WASHINGTON — The death of U.S. Supreme Court Justice Antonin Scalia has shaken up the presidential race and is generating considerable discussion within adult industry legal circles.
Scalia, who was described by President Barack Obama as “a brilliant legal mind with a pugnacious style, incisive wit, and colorful opinions," was found dead at a Texas ranch on Saturday morning when he did not appear for breakfast.
The justice, who died at 79, changed oral arguments as he became an active participant with tough questions for advocates.
For the adult industry, the conservative icon on the bench many times was a thorn and ruled in numerous decisions affecting the industry.
XBIZ on Saturday evening asked a number of the top adult industry attorneys about what the Supreme Court justice’s death means for the adult entertainment industry. Here are their comments.

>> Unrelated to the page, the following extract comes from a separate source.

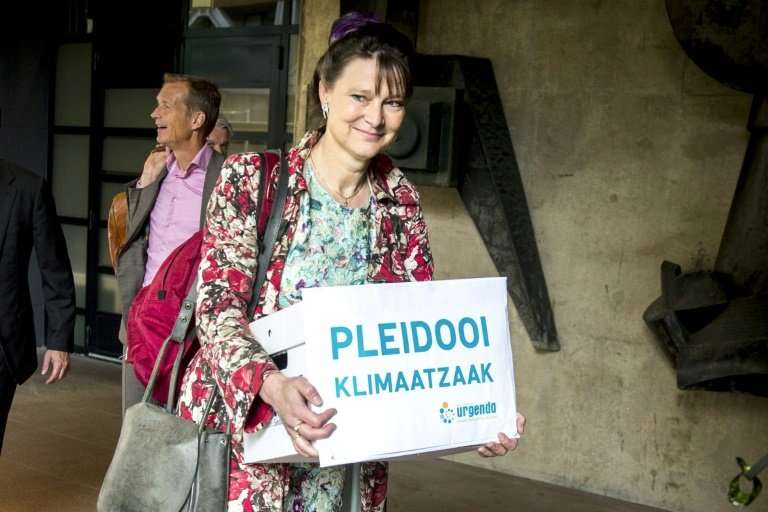 Marjan Minnesma, director of environmental group Urgenda, carries a box saying 'climate case appeal' outside court in The Hague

Larry Walters, Walters Law Group:
The unexpected death of Justice Scalia means President Obama will likely be in a position to nominate another justice for the Supreme Court. Recent nominations have come fairly quickly after the vacancies were announced. So the question is whether the confirmation process will be held up by Republicans long enough for a new administration to submit a nomination. Confirmation should ordinarily be based purely on judicial qualifications, but these are not ordinary times. In this currently partisan environment, other factors are likely to take center stage. If a democratic nominee is confirmed, that likely spells the end of the 5-4 votes in cases decided by Justice Kennedy. The progressive wing will have a majority on the court. If nominees can be blocked long enough for a potential Republican appointment, that will likely result in more close cases, decided by swing vote.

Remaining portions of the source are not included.